**Your objective:** Apart from the pictures, every line below needs to be reproduced verbatim.

**Dataset extract:**
>>>

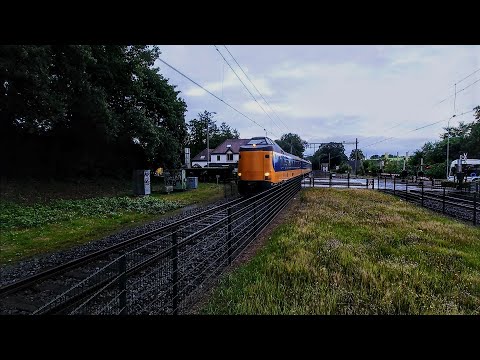 Early morning ICMm flying through Nunspeet - Fly-by -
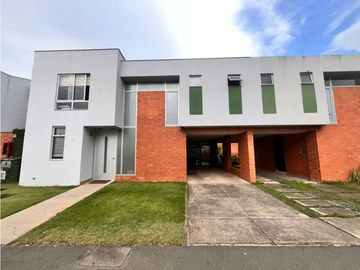 CASA EN VENTA EN JAMUND -  VISTA AL PARQUE Y AMPLIOS ESPACIOS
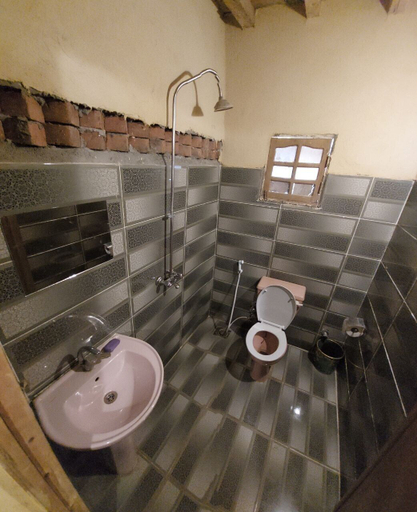 Bathroom, El-Farsha Camp, Yusuf as-Sidiq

<<<

**Written reply:**
 Early morning ICMm flying through Nunspeet - Fly-by -
 CASA EN VENTA EN JAMUND -  VISTA AL PARQUE Y AMPLIOS ESPACIOS
 Bathroom, El-Farsha Camp, Yusuf as-Sidiq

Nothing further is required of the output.